(Problem details):
Retype nothing except the lines below from the one with "stg_lacrosse05_296.jpg" through the one with "The Rodney Inn, Meneage", exactly, with images left out.
** Opening Supplied records block **
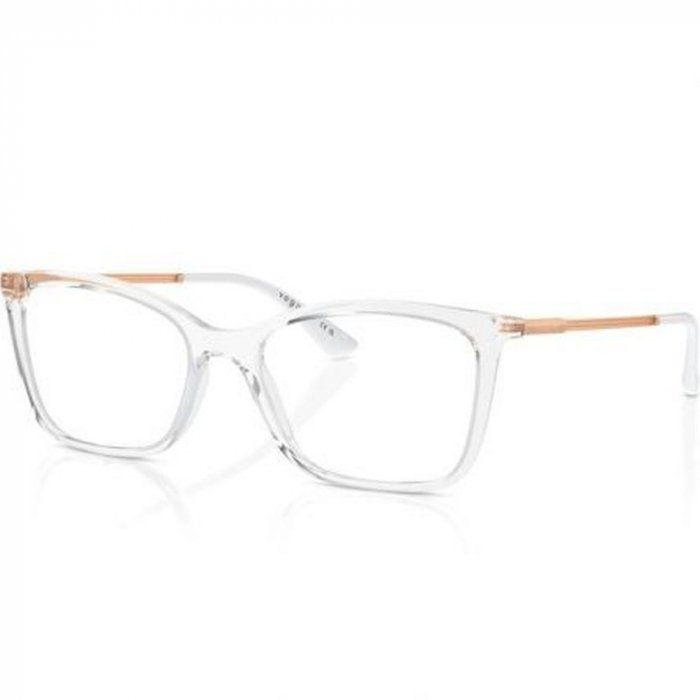 Vogue 5563-W745 [1]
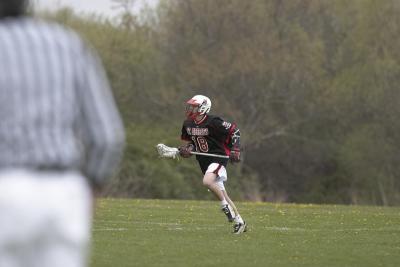 stg_lacrosse05_296.jpg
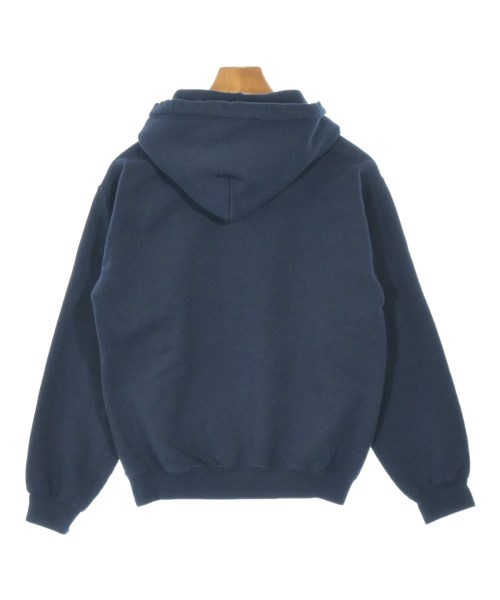 TANGTANG（タンタン）パーカー 紺 サイズ:S メンズ/2200657516031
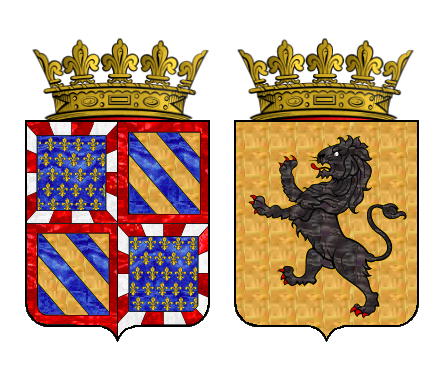 Philippe II de France (1342-1404).jpg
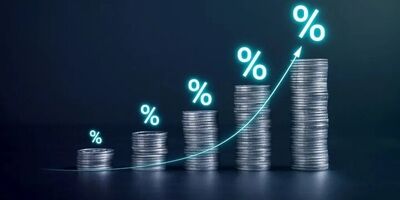  تغییر نرخ سود بانکی تکذیب شد 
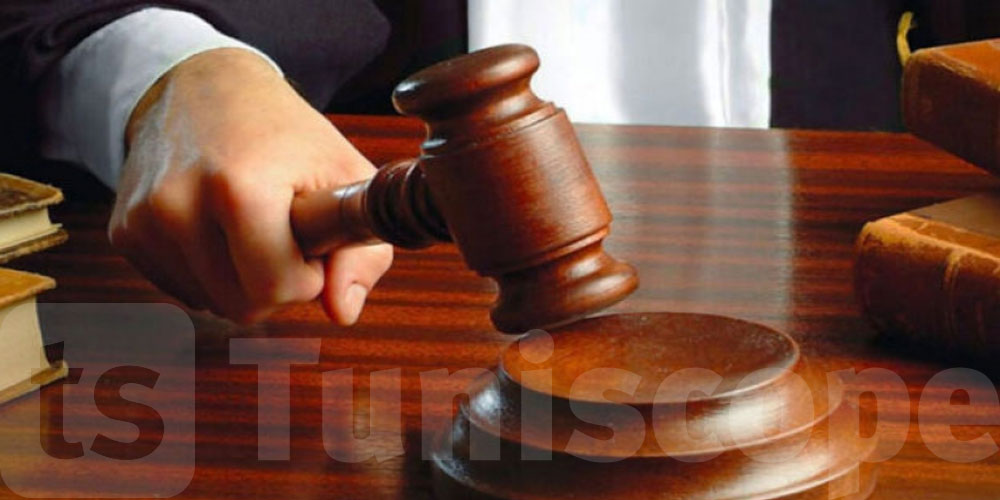 رفض الإفراج عن رئيسة جمعية ‘منامتي’ 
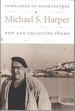 Songlines in Michaeltree: New and Collected Poems (Illinois Poetry Series)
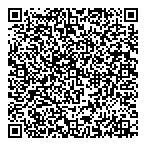 QR код "Велфарт"
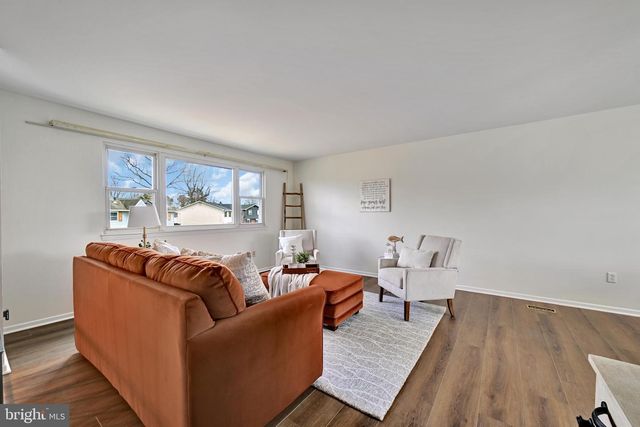 852 BIRCHWOOD CT, Arnold, MD 21012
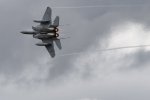 Dcim18061/DSC_8787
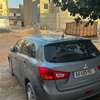 MITSUBISHI RVR 2016 thumb 7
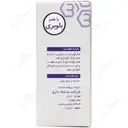 پودر جوشان کلسیم دی 600-500
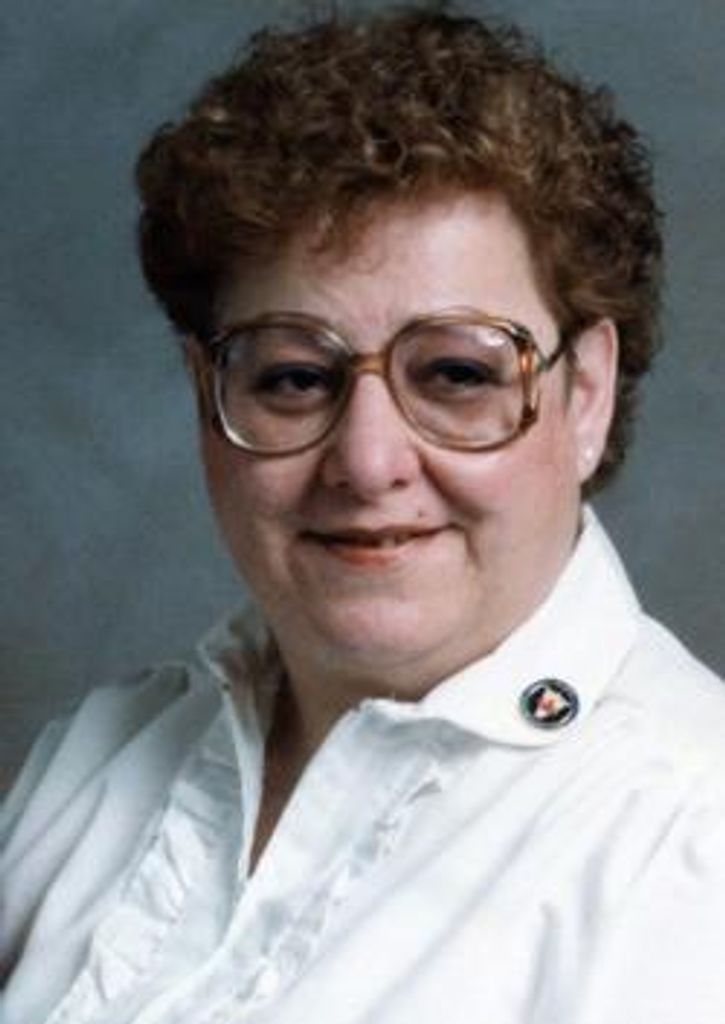 Carolyn (Carol) Miles Profile Photo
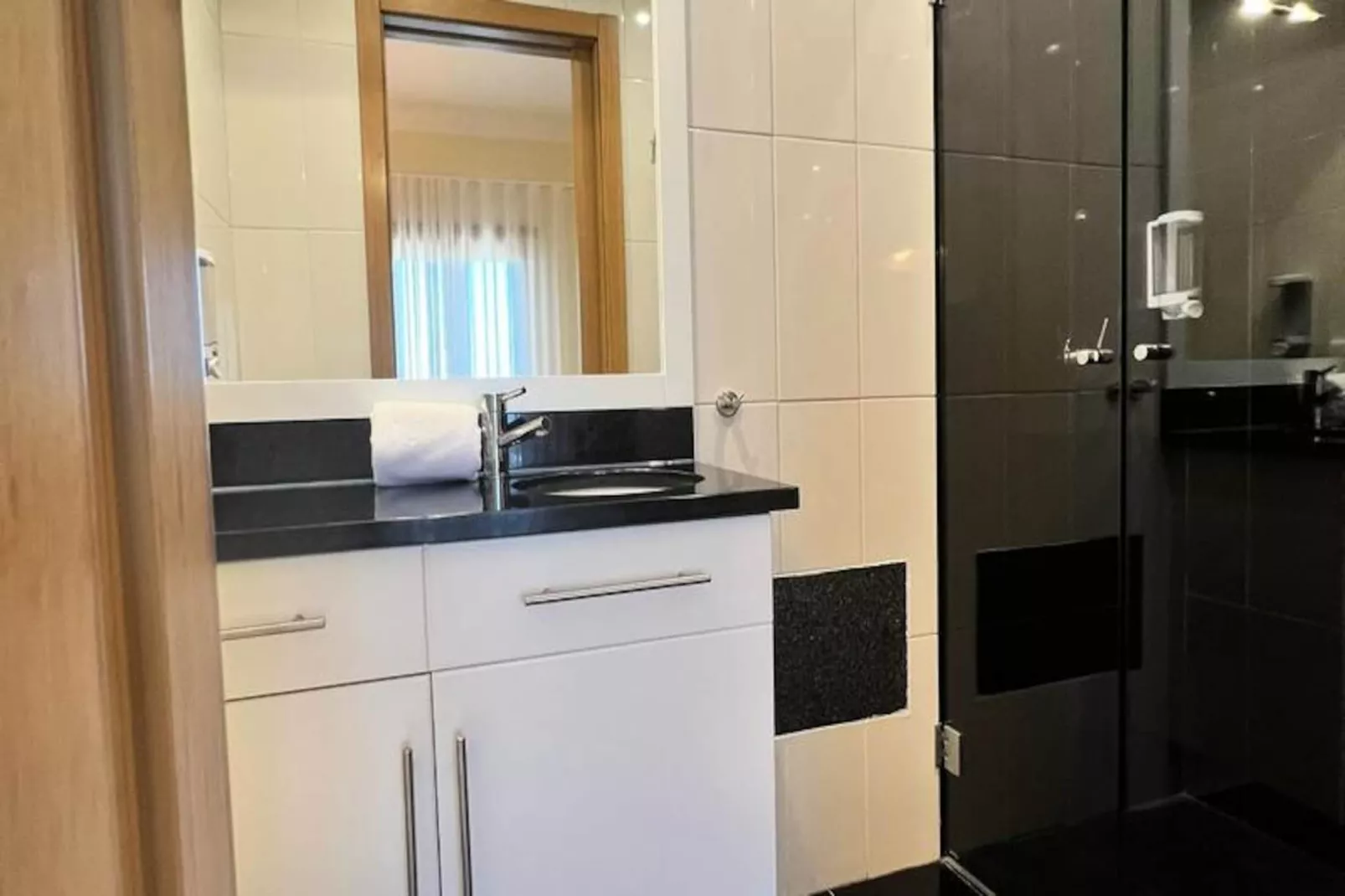 Maison à Albufeira-Niet-getagd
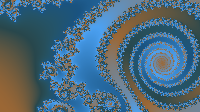 The Fractal '2026-02-26' is computing, please be patient :)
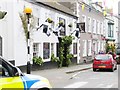 The Rodney Inn, Meneage Street, Helston in TR13 8RD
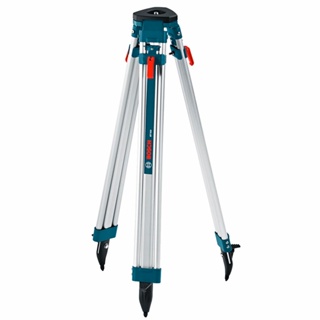 Tripe para nivel BT 160 Professional Bosch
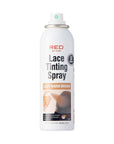 RED LACE TINTING SPRAY 3oz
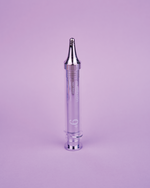 NUMBUZIN No.9 NAD+ Retinol Volumetox Eye Cream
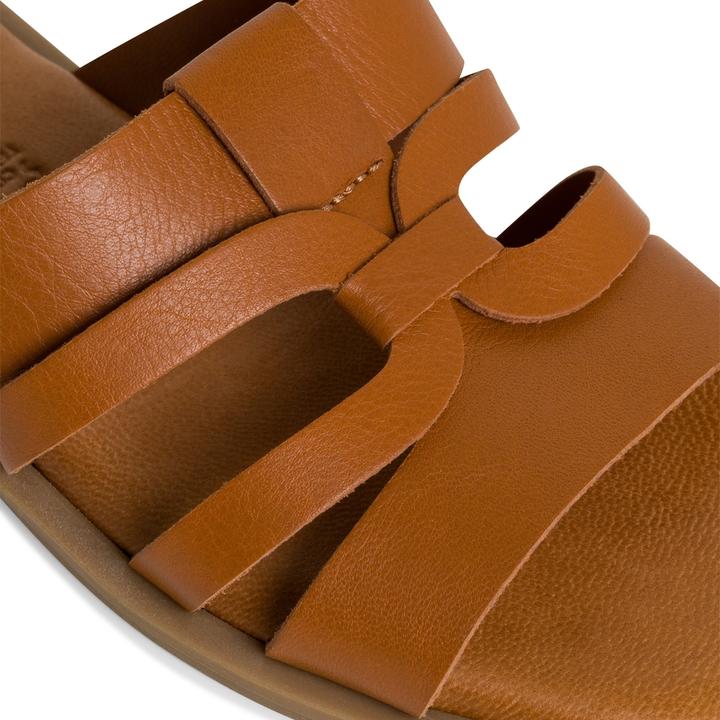 Actual product image Tamaris Mule (39)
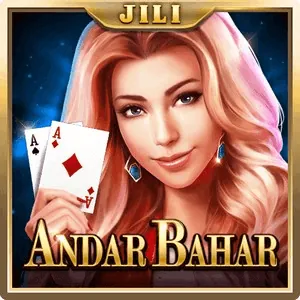 Download Winslot App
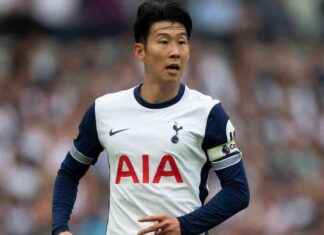 Watch Bournemouth vs Tottenham Live Stream and TV Guide for 2024-25 Premier League watch-bournemouth-vs-tottenham-live-stream-and-tv-guide-for-2024-25-premier-league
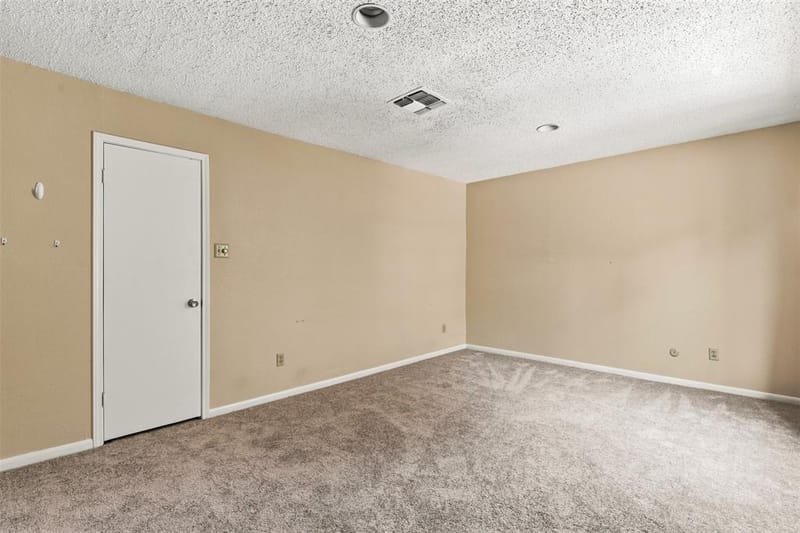 3411 Brannon Drive, Waco TX 76710 - Photo 29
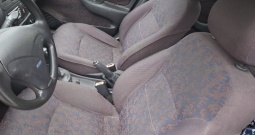 Prodajem auto Fiat Brava sx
** Closing Supplied records block **
(The answer):
 stg_lacrosse05_296.jpg
 TANGTANG（タンタン）パーカー 紺 サイズ:S メンズ/2200657516031
 Philippe II de France (1342-1404).jpg
  تغییر نرخ سود بانکی تکذیب شد 
 رفض الإفراج عن رئيسة جمعية ‘منامتي’ 
 Songlines in Michaeltree: New and Collected Poems (Illinois Poetry Series)
 QR код "Велфарт"
 852 BIRCHWOOD CT, Arnold, MD 21012
 Dcim18061/DSC_8787
 MITSUBISHI RVR 2016 thumb 7
 پودر جوشان کلسیم دی 600-500
 Carolyn (Carol) Miles Profile Photo
 Maison à Albufeira-Niet-getagd
 The Fractal '2026-02-26' is computing, please be patient :)
 The Rodney Inn, Meneage Street, Helston in TR13 8RD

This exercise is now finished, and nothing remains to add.